About this task
Nothing but the lines from the one with "Caravaggio, dopo la" through the last line of the entries below should appear in the copy, please, and no pictures.

[Available records Boundary: Start]

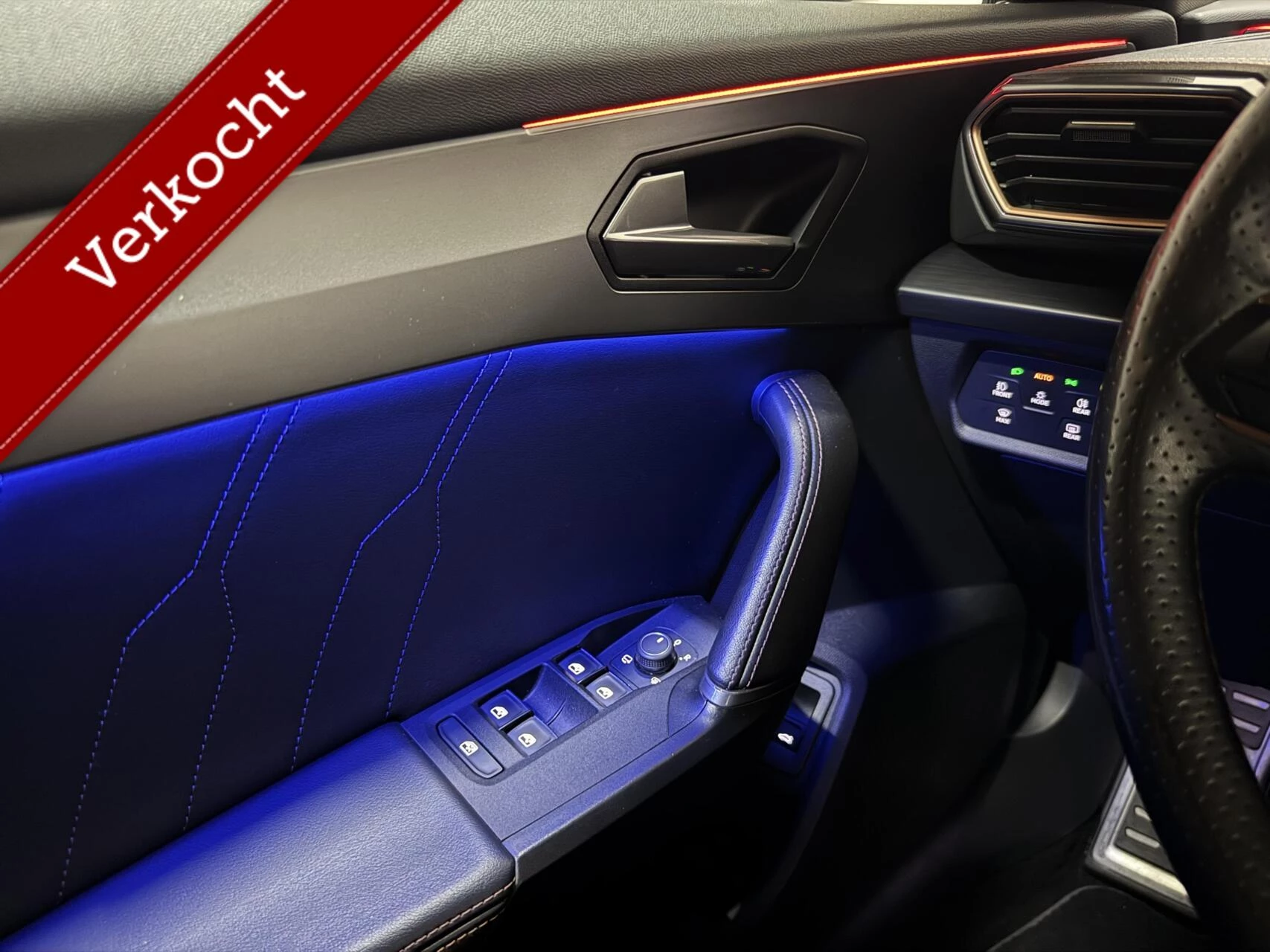 Hoofdafbeelding CUPRA Formentor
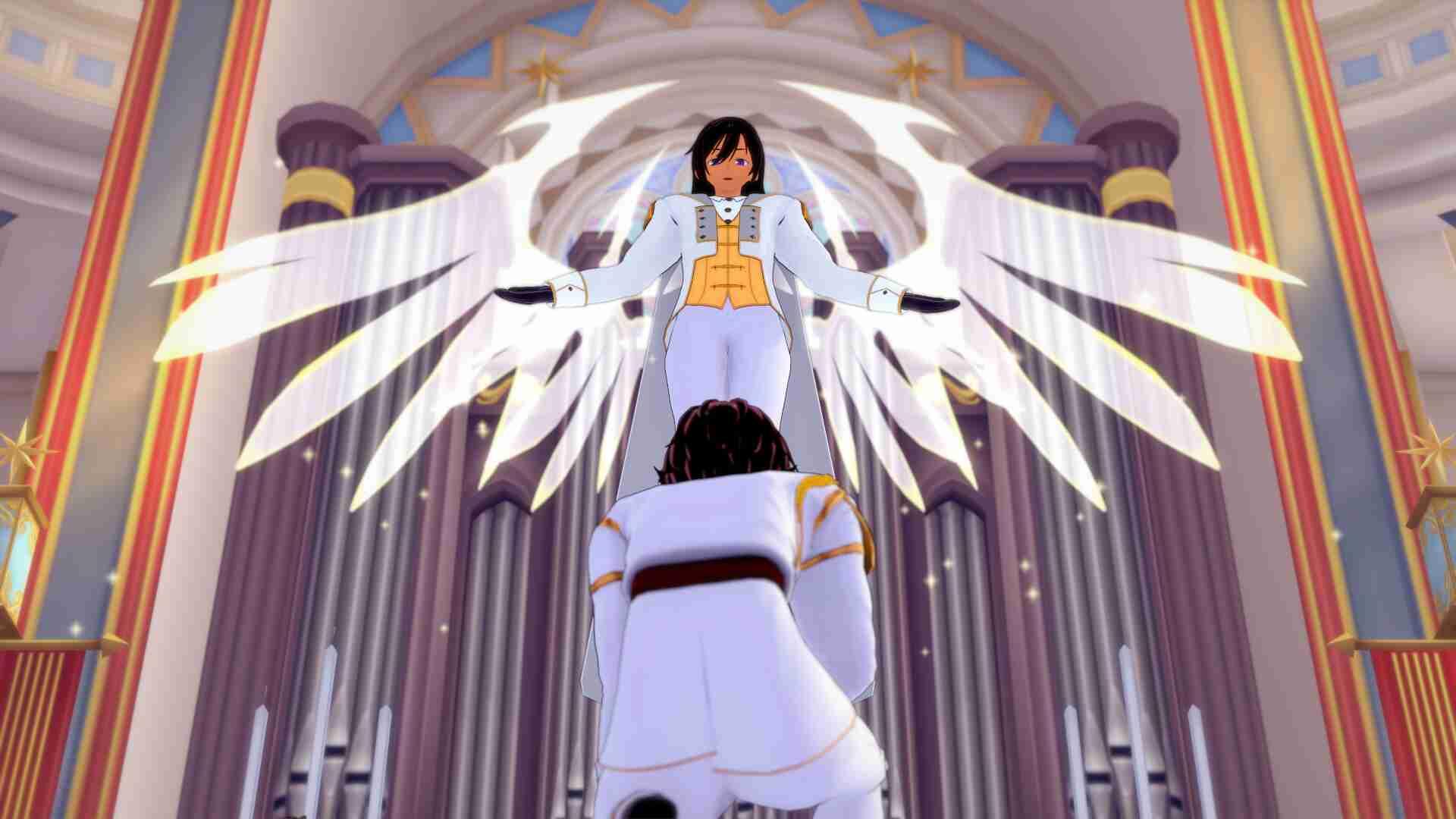 Fall of the Angels Fall of the Angels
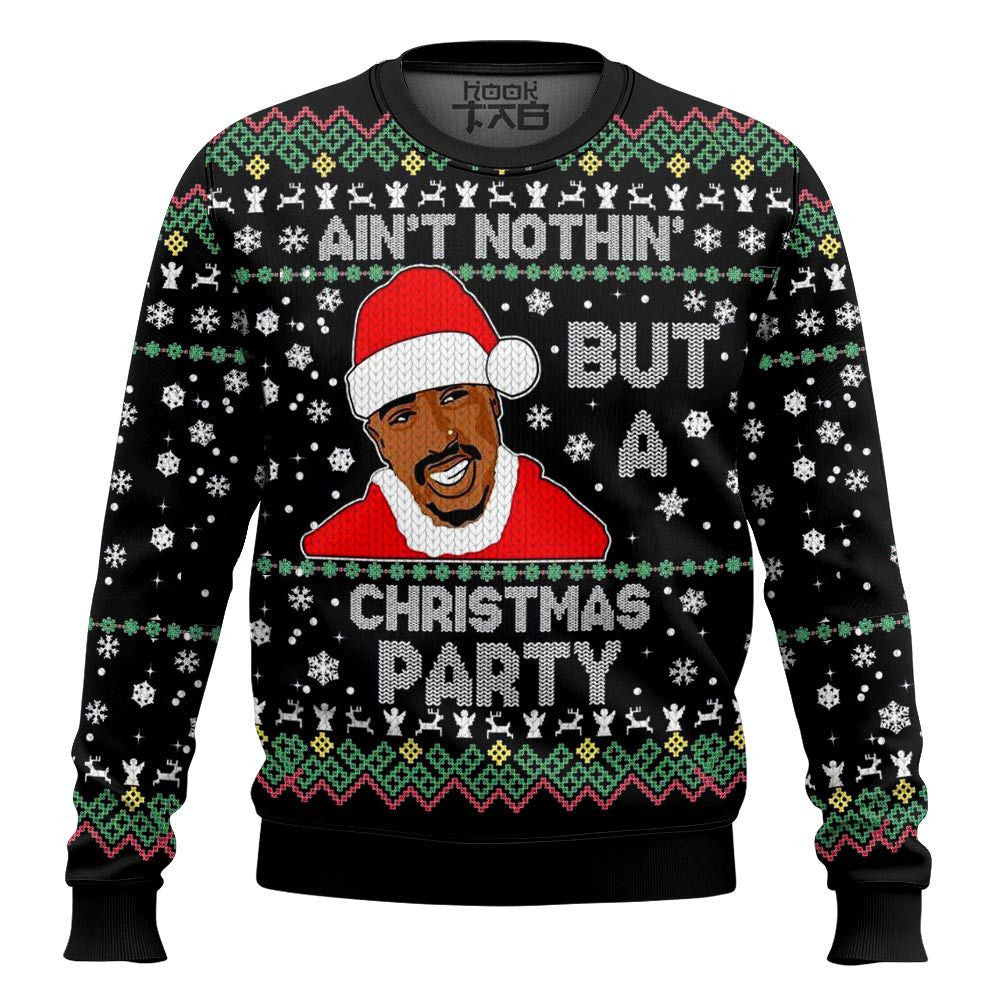 Ugly Christmas Sweater - UGL230726M97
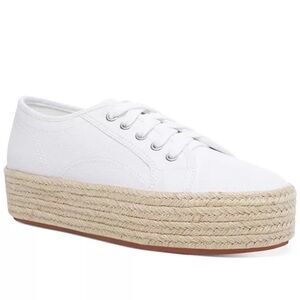 Wild pair Sofeya Espadrille Platform Sneakers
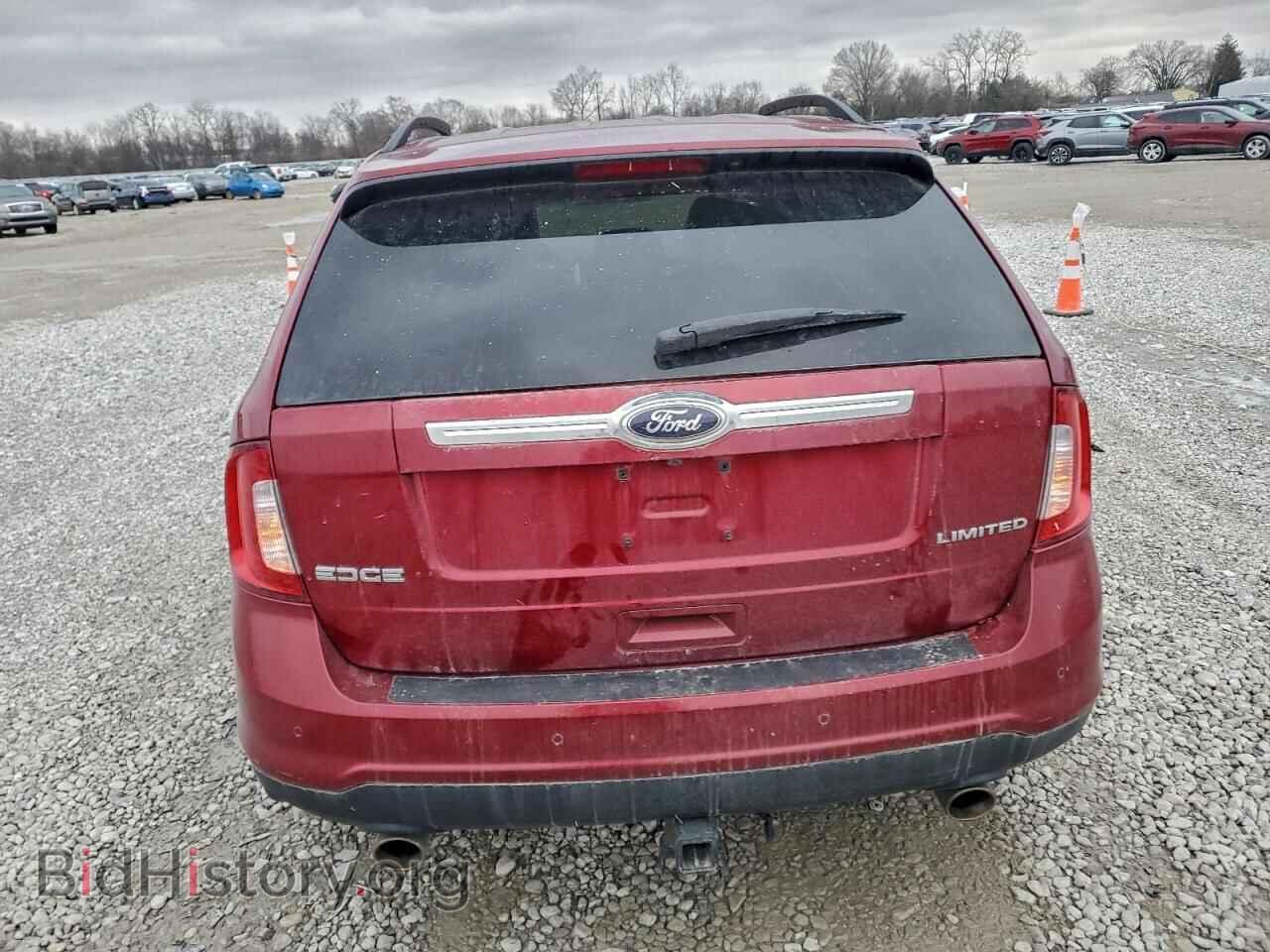 2013 FORD EDGE - VIN: 2FMDK3KC2DBA00926 - Photo 6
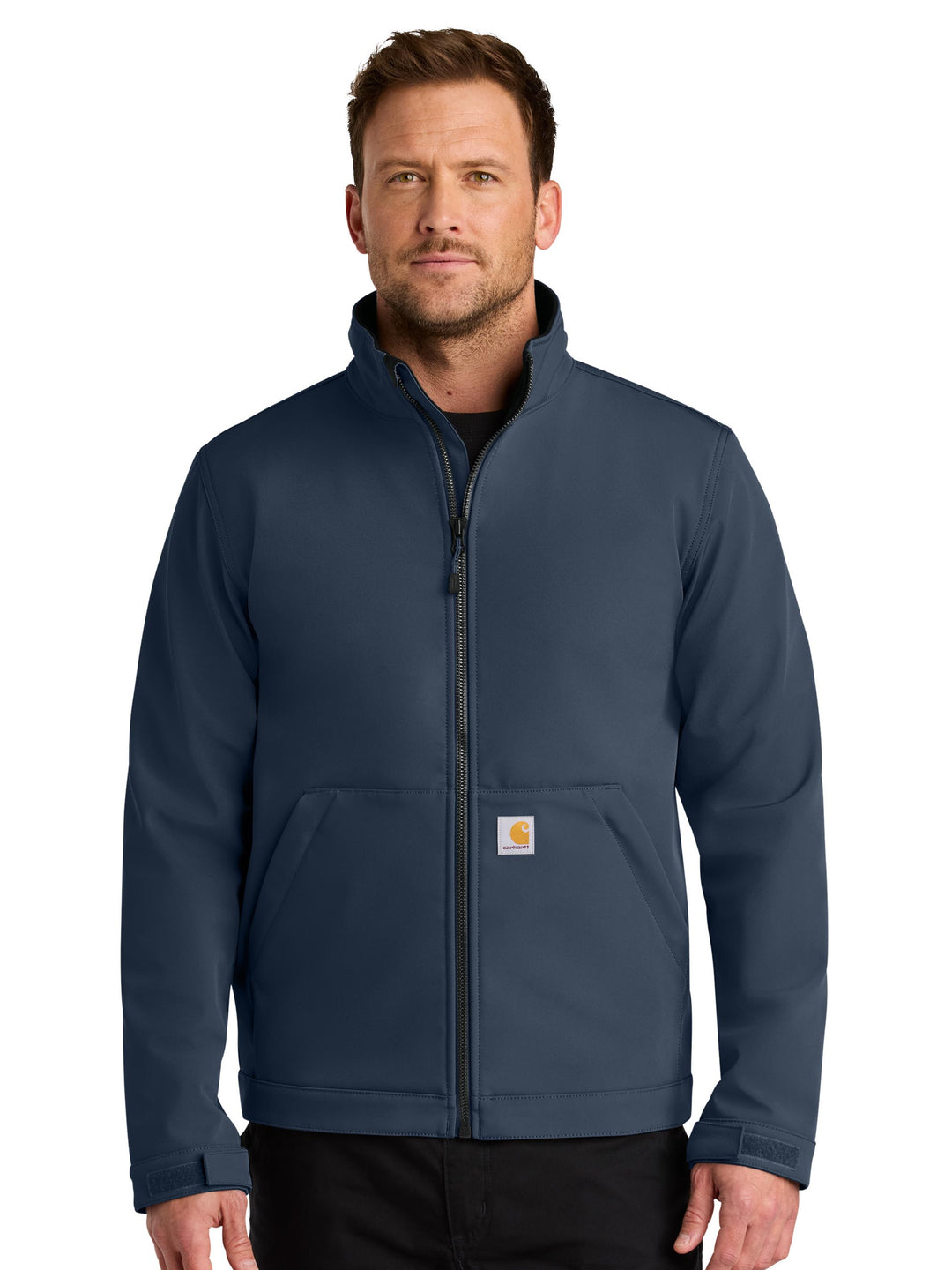 Carhartt® Rain Defender® Soft Shell Jacket- CT106438N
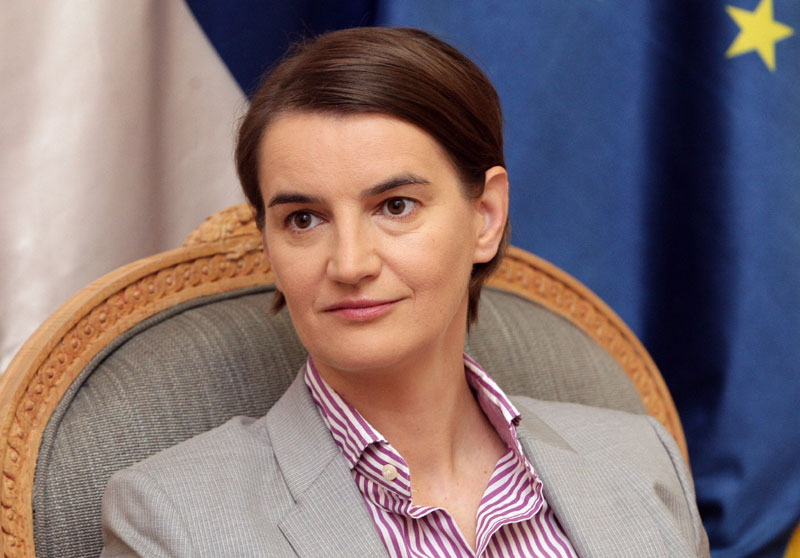 Брнабић у понедељак затвара Њујоршку берзу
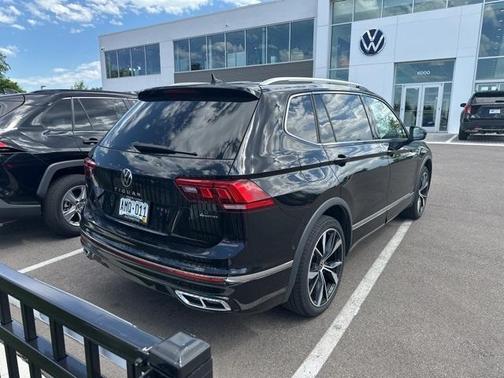2022 Volkswagen Tiguan 2.0T SEL R-Line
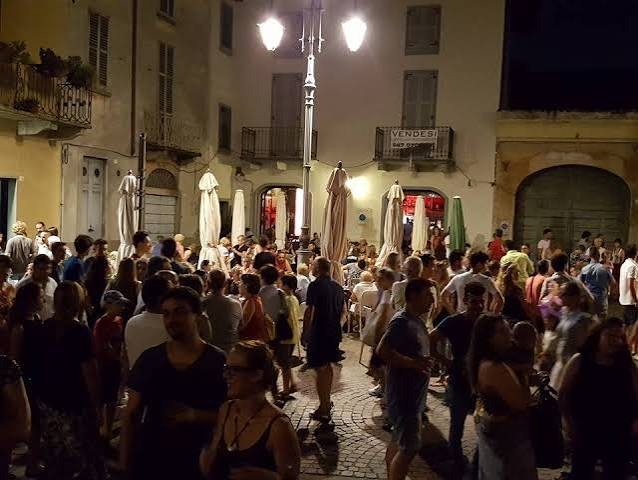 Caravaggio, dopo la notte bianca quattro feriti tra liti e aggressioni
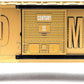 Lionel 6-39218 O Gauge Lionel Century Club II Gold Boxcar LN/Box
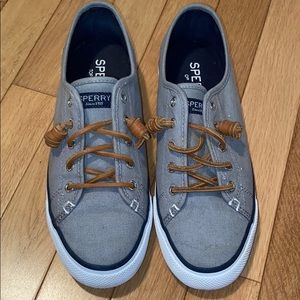 Sperry Slide On Shoes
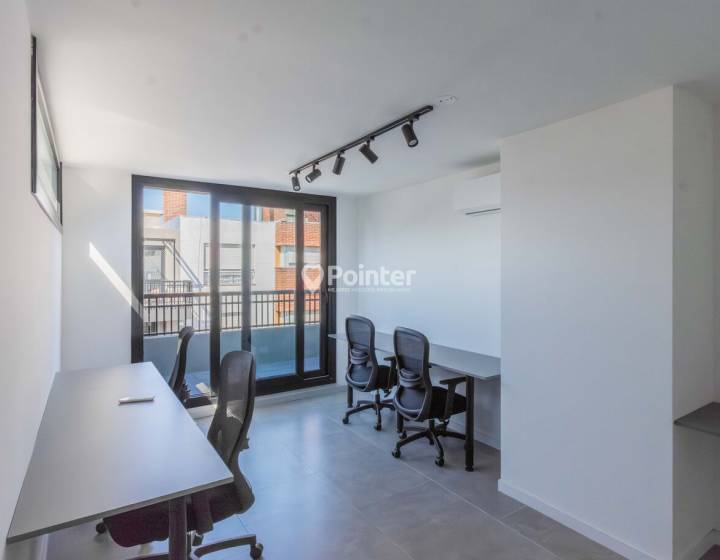 Apartamento 1 dormitorio con terraza a estrenar - Malvin
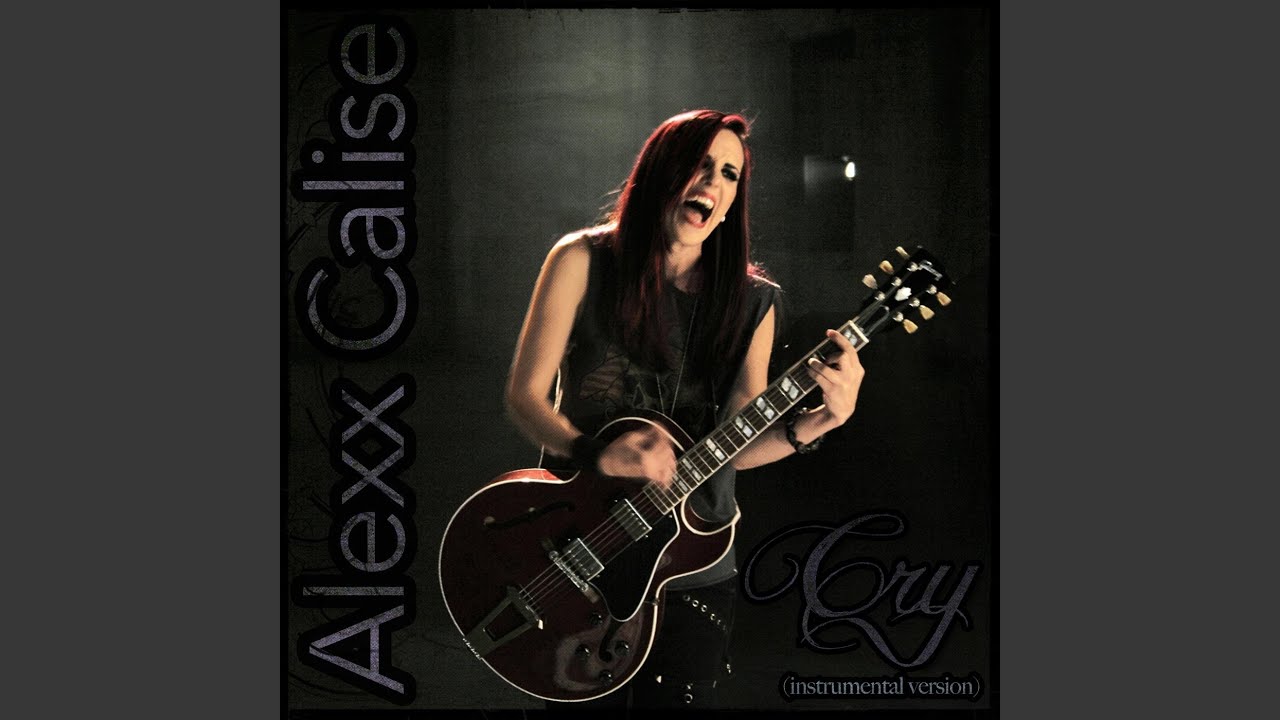 Cry Instrumental Version Youtube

[Available records Boundary: End]

Result for this task
 Caravaggio, dopo la notte bianca quattro feriti tra liti e aggressioni
 Lionel 6-39218 O Gauge Lionel Century Club II Gold Boxcar LN/Box
 Sperry Slide On Shoes
 Apartamento 1 dormitorio con terraza a estrenar - Malvin
 Cry Instrumental Version Youtube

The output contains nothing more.